March 04, 2021

EU Commission tells six countries to ease unilateral COVID-19 border curbs

Feb 23, 2021 |

By Gabriela Baczynska, Michel Rose and Sabine Siebold

BERLIN/BRUSSELS (Reuters) – The European Commission on Tuesday told six EU nations to ease unilateral border restrictions they have set up to combat COVID-19, as it sought to coordinate a less restrictive approach to the movement of goods and people within the bloc.

The EU executive’s Justice Commissioner, Didier Reynders, said it had given Belgium, Denmark, Finland, Germany, Hungary and Sweden 10 days to justify curbs he said had “gone too far”.

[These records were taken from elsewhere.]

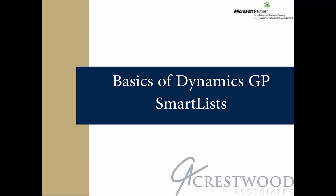Today's Crestwood Clips is on the basics of Dynamics GP SmartLists. SmartLists come as a part of Dynamics GP and people use them to get data out of their system. In other words, it's a great reporting tool. I hope you enjoy the clip. Thanks for watching.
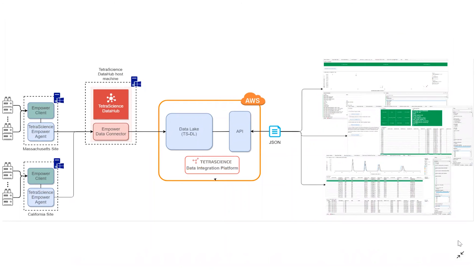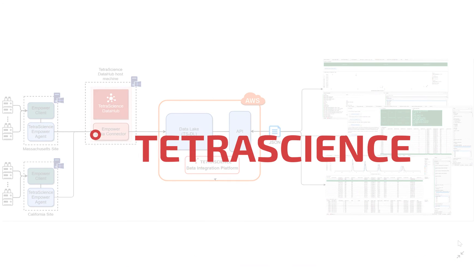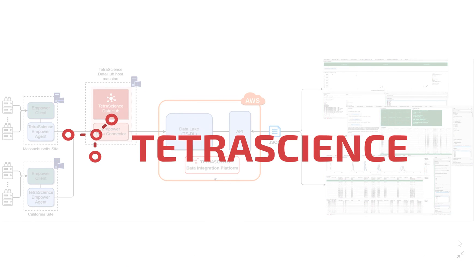This data is accessible to downstream consumers, like a visualization tool, where scientists or business users have access to data across disparate data sources. With the power of an extensive integration list and scalable data platform, cutting-edge labs are getting more from their Empower data using TetraScience.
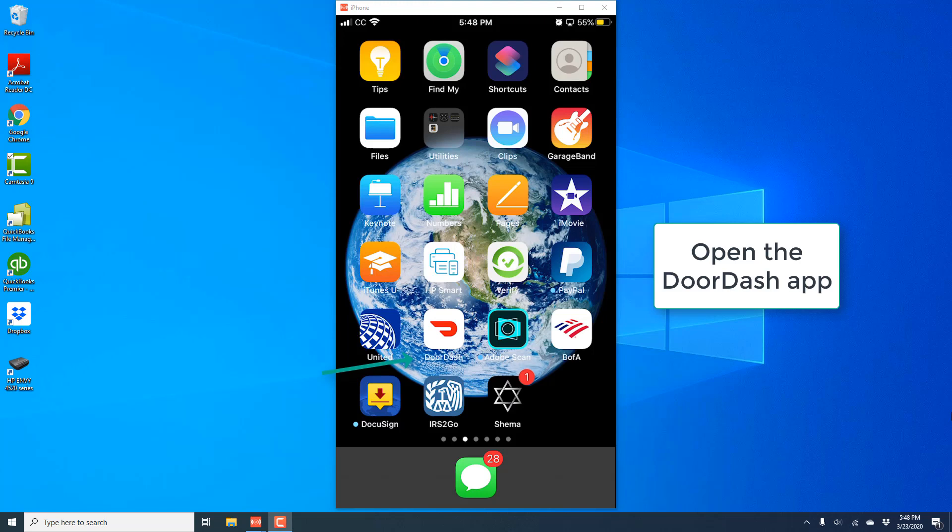Hey everybody, this is Northwell Tech again. In this video, we're going to learn how we can cancel the Dash Pass subscription in the DoorDash app on your iPhone. So in order to do that, open the DoorDash app.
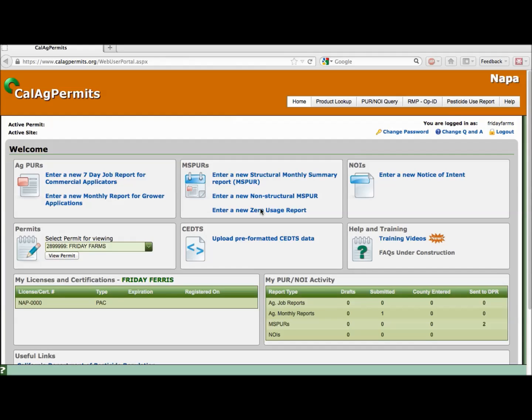Welcome to another video walkthrough of how to use CalAg permits. This video will cover how to submit your pesticide use report files from third-party software.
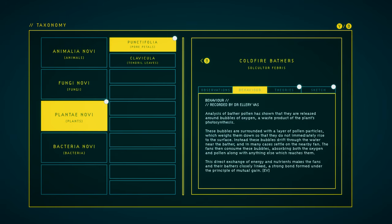Behavior. Analysis of bather pollen has shown that they are released around bubbles of oxygen, a waste product of the plant's photosynthesis. These bubbles are surrounded with a layer of pollen particles, which weigh them down so they do not immediately rise to the surface. Instead, these bubbles drift through the water near the bather, and in many cases settle on the nearby fan. The fans then consume these bubbles, absorbing both the oxygen and pollen along with anything else which reaches them. This direct exchange of energy and nutrients makes the fans and their bathers closely linked. A strong bond formed under the principle of mutual gain.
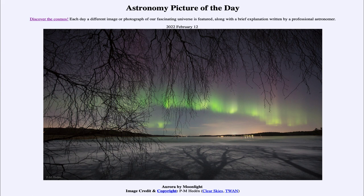Today's picture is titled Aurora by Moonlight. This is an image of the Aurora as seen in Sweden, taken just a couple of days ago. You can see the green glow of the Aurora out there in the distance. The Aurora occur when charged particles from the sun strike Earth's atmosphere and cause it to glow, and they're visible only at very far northerly or southerly latitudes. So we sometimes call them the northern or southern lights.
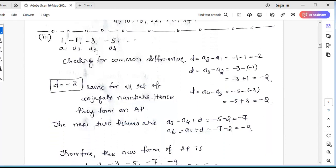The second problem: the terms are 1, -1, -3, -5, and so on — denoted as A1, A2, A3, A4. Check for common difference: D equals A2 minus A1 — A2 is -1 and A1 is 1, so -1 minus 1 gives -2.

“It is a necessity to go back to a coordinated approach to all the measures taken in relations with the free movement of people and goods in the European Union,” Reynders said.

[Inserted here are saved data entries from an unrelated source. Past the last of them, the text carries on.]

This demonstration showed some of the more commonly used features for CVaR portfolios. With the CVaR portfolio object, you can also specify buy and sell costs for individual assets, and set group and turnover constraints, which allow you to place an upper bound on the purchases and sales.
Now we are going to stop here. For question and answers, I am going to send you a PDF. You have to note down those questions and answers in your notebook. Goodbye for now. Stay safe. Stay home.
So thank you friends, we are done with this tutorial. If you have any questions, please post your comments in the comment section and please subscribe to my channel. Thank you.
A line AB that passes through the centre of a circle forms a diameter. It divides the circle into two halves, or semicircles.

A European Commission spokesman said that, without a coordinated approach involving all 27 member states, “we risk fragmentation and disruptions to free movement and to supply chains – something we have witnessed again the past weeks.”

Germany’s Europe Minister Michael Roth defended his country’s tightening of borders over outbreaks of more contagious coronavirus strains reported by its neighbours.

“These measures obviously put a massive strain on border regions, commuters and the transport of goods and the single market, but the protection of our citizens is paramount,” he said ahead of talks with his EU peers.